The white-red-white flag () is a historic flag used by the Belarusian Democratic Republic in 1918 before Western Belarus was occupied by the Second Polish Republic and Eastern Belarus was occupied by Soviet Union as well as it formed a Soviet republic, which was known as Byelorussian Soviet Socialist Republic, then by the Belarusian national movement in Western Belarus followed by widespread unofficial use during the German occupation of Belarus between 1941 and 1944, and again after it regained its independence in 1991 until the 1995 referendum. 

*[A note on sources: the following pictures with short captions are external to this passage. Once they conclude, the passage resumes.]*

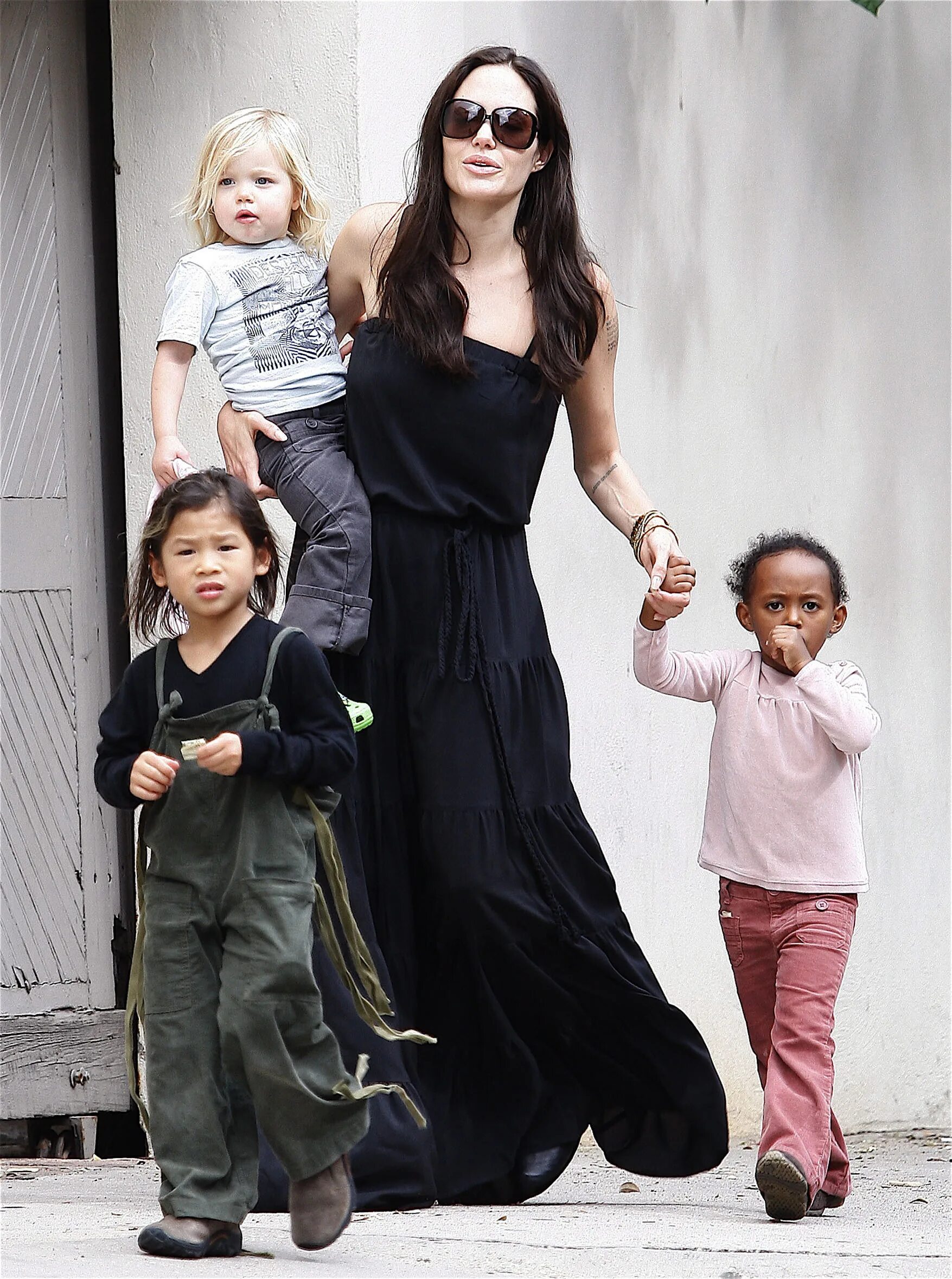 Сколько детей у питта. Дети Анджелины Джоли. Анджелина Джоли дети Джоли с детьми. Анджелина Джоли ссдетьми. Семья Анджелины Джоли.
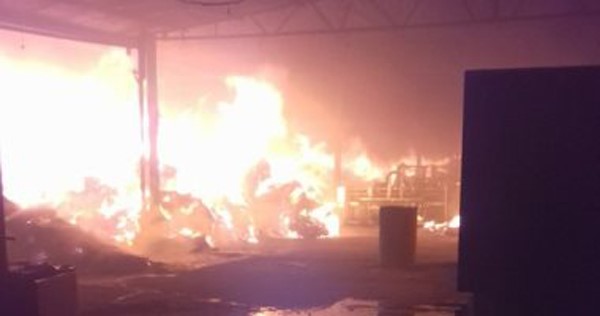 مصر: السيطرة على حريق هائل بمصنع للأقطان والإسفنج بالقليوبية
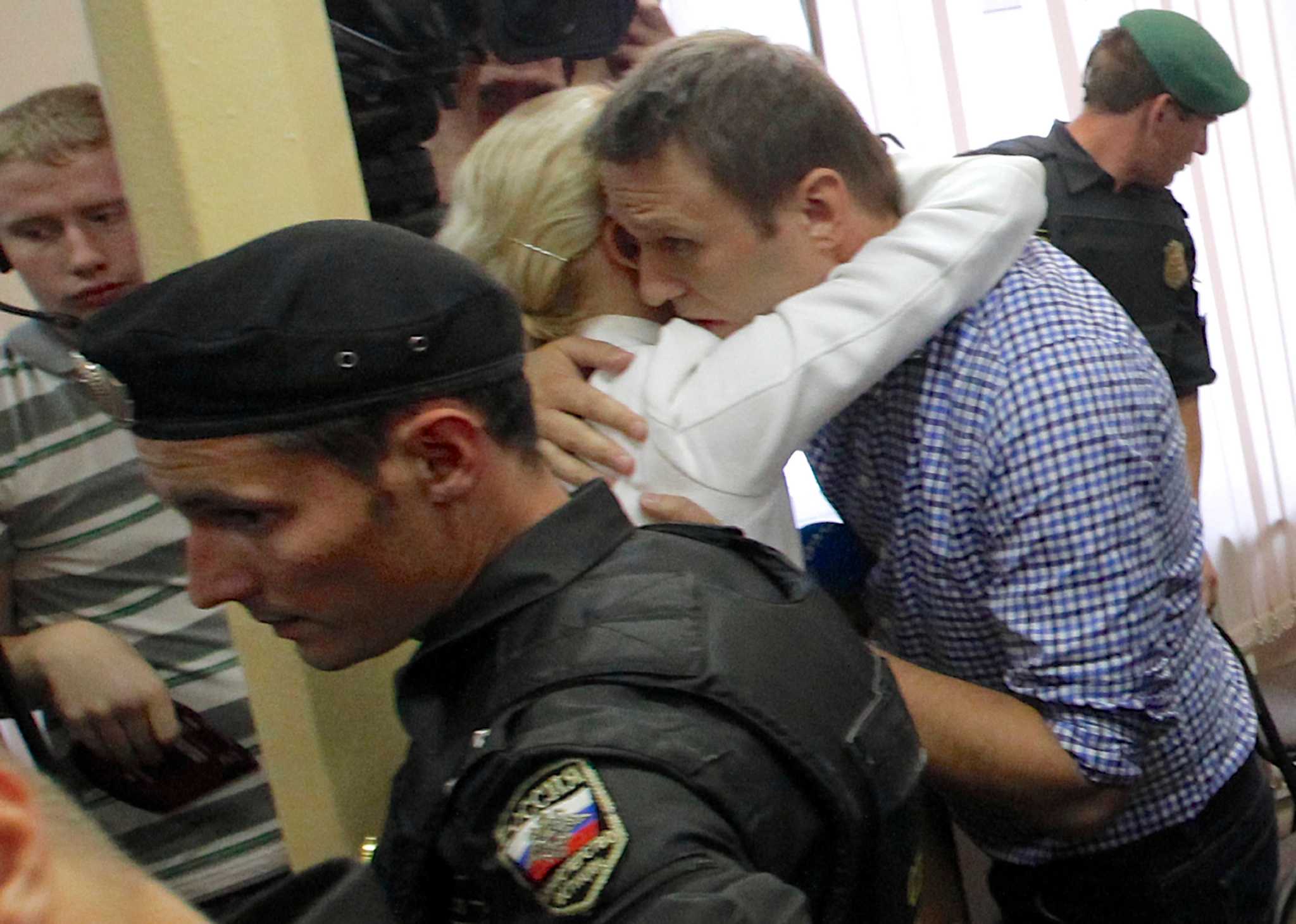 Арест ниже. Навальный с женой в суде.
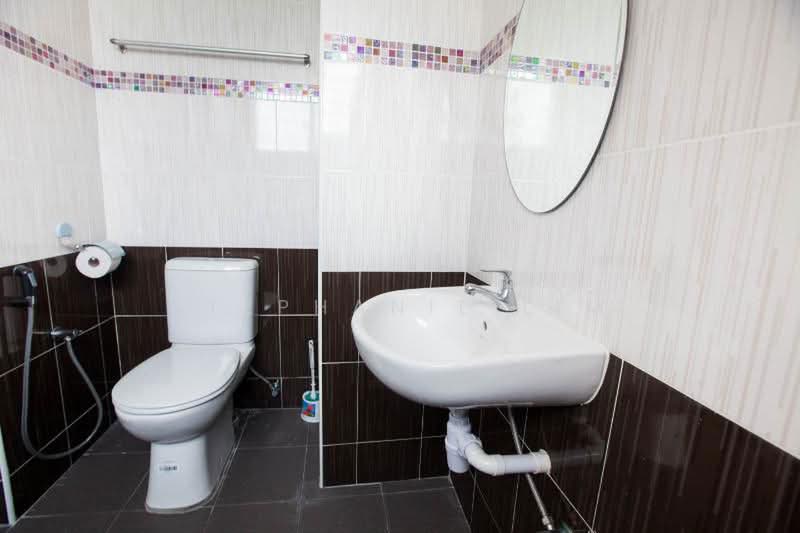 Apartment for Sale at Bayu Emas Apartments - Stephanie Lim - Bathroom - PropertyGuru.com.my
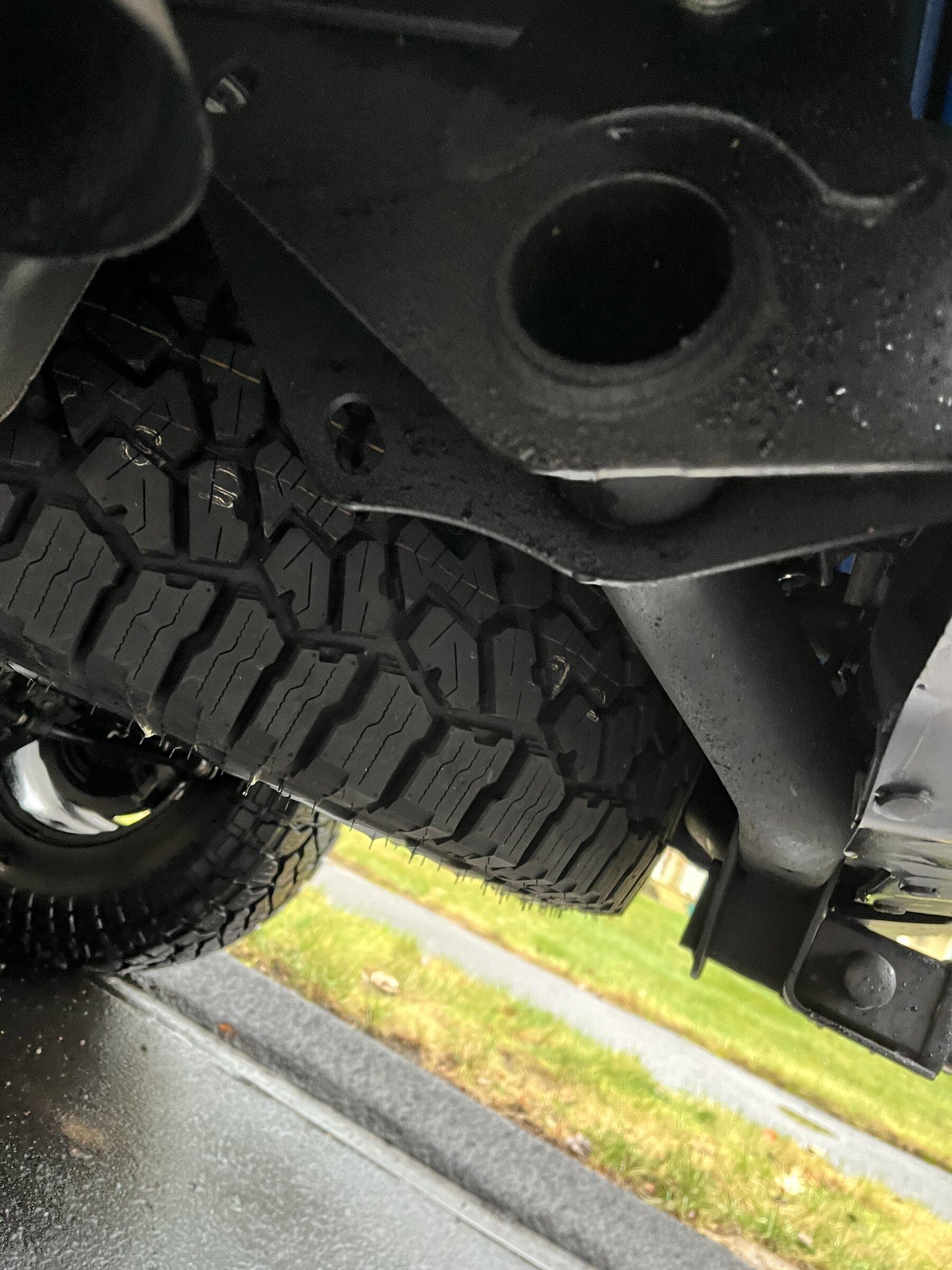 Jeep Gladiator Tow package on a Mojave, is it worth it? A6808300-7538-4B49-B25C-9A352B15B4F8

Opposition groups have continued to use this flag, though its display in Belarus has been restricted by the government of Belarus, which claims it is linked with Nazi collaboration due to its use by Belarusian collaborators during World War II. The white-red-white flag has been used in protests against the government, most recently the 2020–2021 Belarusian protests, and by the Belarusian diaspora.

Colour scheme

History

Creation
The design of the flag used between 19 September 1991 and 5 June 1995 had originally been devised by the Belarusian Democratic Republic (March to December 1918). The original person behind the design of the flag is believed to have been Klawdziy Duzh-Dushewski before 1917 and this design is known in Belarusian as the  (; literally "white-red-white flag"). Red and white have traditionally been used in the Coat of arms of Lithuania (), the state heraldry of the Grand Duchy of Lithuania and also the Polish–Lithuanian Commonwealth, both of which included lands that are now Belarus. There are several other theories explaining the flag's origin. One theory speaks of an allusion to the name of the country, White Ruthenia.

Interwar period
In 1918, the Belarusian People's Republic (BNR) was proclaimed, the symbols of which became the coat of arms "Pahonia" and the white-red-white flag. On 11 August, the newspaper Svobodnaya Belarus published the first official description of the flag and coat of arms. From 1919 to 1920, the white-red-white flag was used by Belarusian military formations as part of the Polish and Lithuanian armies. In 1920, the flag was used by participants in the Slutsk uprising.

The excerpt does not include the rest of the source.